Data extraction software estimates data based on image files such as scanned charts and graphs. Carl Witthoft suggested this category and provided us with several starting programs. Also see graphing / data visualization software; and general statistics packages. Page fully updated January 2021.
Current version: 12.1
Free. Signed. Catalina-ready.
Listing updated: 1/21/2021; software updated in 2019
"...converts an image file showing a graph or map, into numbers. The numbers can be read on the screen, and written or copied to a spreadsheet." Can remove gridlines, match points, trace curves, match axes, handle a wide variety of graph types, and has other nifty features. Linux, OS X, and Windows versions; it’s on the Mac App Store.
Engauge Digitizer takes images in PNG, JPG, and TIF format and recovers the data points from graphs, possibly to be used in new graphs. Work can be saved in DIG format for later editing. Engauge Digitizer has numerous special features to make data more accurate and easier to obtain; it’s pretty impressive.
Current version: DataThief III 1.7; Java program
$25 (version 1 was postcard/beerware)
Listing updated 1/21/2021. Software updated 2015.
Unsigned. Runs under Catalina.
DataThief reverse engineers data from a scanned plot, so you can incorporate published data in your plots—very handy if you need to compare your data with that of an article that doesn’t provide it in a table.

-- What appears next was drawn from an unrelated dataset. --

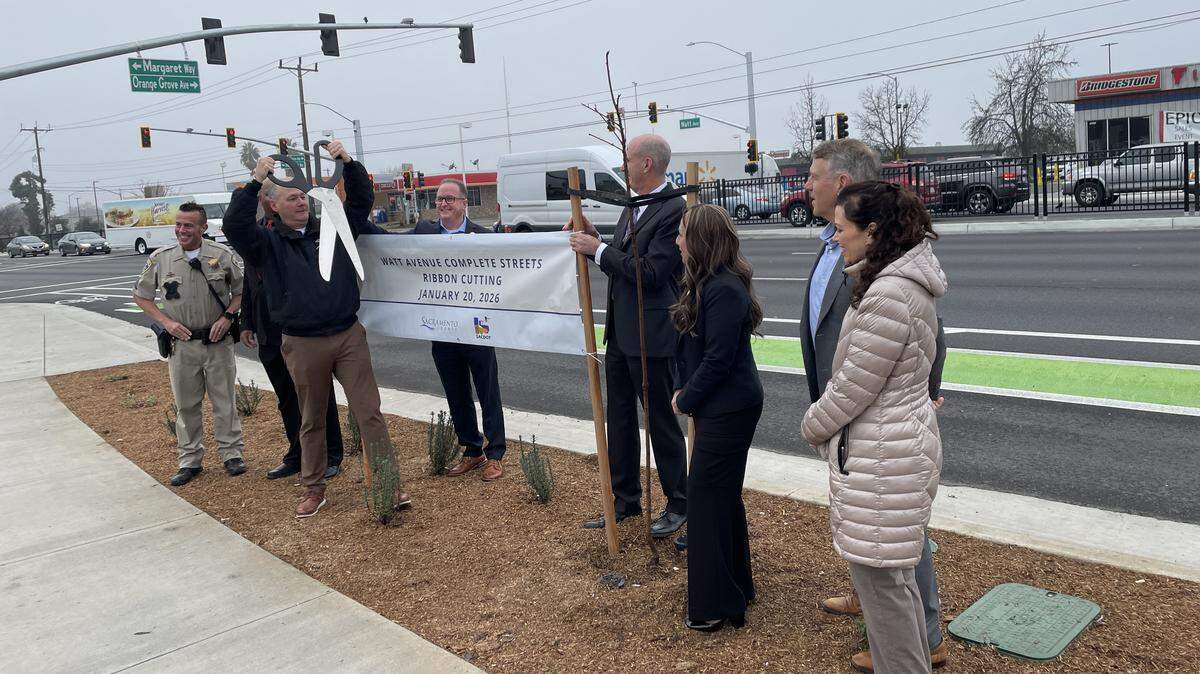Sacramento County Supervisor Rich Desmond raises a giant pair of scissors at a ribbon cutting ceremony with other local officials Tuesday, Jan. 20, 2026, to celebrate an project that repaved and improved a North Highlands section of Watt Avenue between Interstate 80 and Roseville Road.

The current crossplatform version, using Java, can trace most continuous lines, even when they cross themselves, and can convert numbers to other formats (e.g. dates). Version III works on MacOS 8 and 9 as well as X and those other platforms. DataThief II (version 1.21), for older Macs, is still available on the DataThief web site.
The original version of DataThief was written by Kees Huyser and Jan van der Laan. Available from Bas Tummers.
Current version: 2.6.9. Supports Mac, Linux, Windows (Java program).
Listing updated: 1/21/21; program updated 10/10/20.
Plot Digitizer is a Java program for digitizing scanned plots of data, from GIF, JPEG, or PNG; you manually select values by clicking on each data point (which may help in complex graphs that automatic software doesn't do well). It can also be used to digitize scaled drawings, orthographic photos, etc.
There is a semi-automatic feature, for data that trends from left to right; you can paint the data you want with a brush, and “the program will automatically sort out grid lines, noise, etc, and will attempt to digitize the line for you. This feat is accomplished with the help of the open source autotrace image vectorization program.”